When companies analyze data, it can create a new kind of value. This can be likened to the microscope, which allowed scientists to see and measure things never before seen at the cellular level.
Using big data systems, businesses can make smarter operational decisions and improve customer experiences. For example, a power company can use real time weather and shipping information to optimize dispatching and inventory decisions.
Real-time Customer Engagement
Real time customer engagement is the ability to deliver a tailored experience at exactly the right moment for your customers. It’s a key differentiator that the likes of Amazon and Netflix excel at.
When utilising Big Data analytics tools, this process can be incredibly speedy and accurate. The key is to have a rigid structure in place that’s able to deal with the vast amount of information that’s gathered, whilst keeping it up to date.

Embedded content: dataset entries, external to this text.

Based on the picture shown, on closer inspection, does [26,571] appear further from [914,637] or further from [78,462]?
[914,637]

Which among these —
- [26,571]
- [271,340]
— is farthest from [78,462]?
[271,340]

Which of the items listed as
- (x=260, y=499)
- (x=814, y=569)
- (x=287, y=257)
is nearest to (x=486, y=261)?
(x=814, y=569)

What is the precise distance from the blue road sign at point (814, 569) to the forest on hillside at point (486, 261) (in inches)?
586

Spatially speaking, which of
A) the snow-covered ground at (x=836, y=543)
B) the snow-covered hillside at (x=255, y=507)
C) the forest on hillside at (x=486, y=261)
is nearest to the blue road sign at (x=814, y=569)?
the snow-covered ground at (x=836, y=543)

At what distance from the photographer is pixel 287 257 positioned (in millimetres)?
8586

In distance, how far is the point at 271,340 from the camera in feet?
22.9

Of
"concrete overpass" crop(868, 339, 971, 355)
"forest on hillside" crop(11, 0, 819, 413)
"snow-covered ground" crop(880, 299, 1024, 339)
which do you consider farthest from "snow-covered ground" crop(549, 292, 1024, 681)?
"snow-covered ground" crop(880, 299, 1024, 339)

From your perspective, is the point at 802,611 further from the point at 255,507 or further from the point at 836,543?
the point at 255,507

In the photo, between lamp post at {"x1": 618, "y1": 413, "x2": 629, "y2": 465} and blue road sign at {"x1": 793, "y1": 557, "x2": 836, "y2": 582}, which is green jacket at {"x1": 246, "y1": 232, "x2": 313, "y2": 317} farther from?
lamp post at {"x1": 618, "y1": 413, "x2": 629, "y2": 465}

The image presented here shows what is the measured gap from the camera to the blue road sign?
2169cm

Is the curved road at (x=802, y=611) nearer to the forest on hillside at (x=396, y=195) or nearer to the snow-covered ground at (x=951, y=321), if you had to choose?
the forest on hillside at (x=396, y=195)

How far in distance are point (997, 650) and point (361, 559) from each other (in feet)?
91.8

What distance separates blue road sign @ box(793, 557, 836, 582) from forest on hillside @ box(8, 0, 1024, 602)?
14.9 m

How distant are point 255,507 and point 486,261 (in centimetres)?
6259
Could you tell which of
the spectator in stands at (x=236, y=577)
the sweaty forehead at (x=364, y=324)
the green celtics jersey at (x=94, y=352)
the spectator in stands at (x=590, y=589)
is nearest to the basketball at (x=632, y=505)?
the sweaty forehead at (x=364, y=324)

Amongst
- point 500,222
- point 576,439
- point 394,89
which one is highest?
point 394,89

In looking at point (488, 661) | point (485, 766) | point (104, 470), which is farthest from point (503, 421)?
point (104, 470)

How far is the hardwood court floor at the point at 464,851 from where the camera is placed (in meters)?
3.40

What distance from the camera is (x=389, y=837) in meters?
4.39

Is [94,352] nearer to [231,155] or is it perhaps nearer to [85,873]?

This can be achieved through the use of AI technologies such as Chatbots and Virtual Assistants. For example, Loom uses its chatbot Cooper to identify when a user reaches their free usage limit, so the software can automatically trigger a modal asking them to upgrade. This real-time customer engagement strategy has short-term and long-term benefits, including increasing marketing efficiency and boosting brand credibility and competitiveness. It also builds a strong bond between consumers and brands that prioritizes positive communication and connection over impersonality or distance.
Big data analytics allows businesses to analyze past performance and predict future trends. This can include forecasting sales, customer churn, employee turnover and more. It is used by many industries and for a variety of business problems.
Marketing is one of the more popular use cases for predictive analytics. According to technology writer Mary Pratt, the software can be used for next best action, lead qualification, proactive churn management and “data-driven creatives,” which help companies decide what kind of marketing messaging will resonate with their customers.
Predictive analytics is also used to identify bottlenecks in business processes. For example, by analyzing historical data regarding cash flow, businesses can spot peaks and lows to ensure they have sufficient funds for operating expenses. This can also help them plan for future fiscal stability. This analysis can be performed using a variety of algorithms, including clustering, classification and regression. Each algorithm is designed to perform a specific task, such as categorizing data objects into groups or predicting continuous data such as the likelihood of a customer buying a car with a particular finance deal.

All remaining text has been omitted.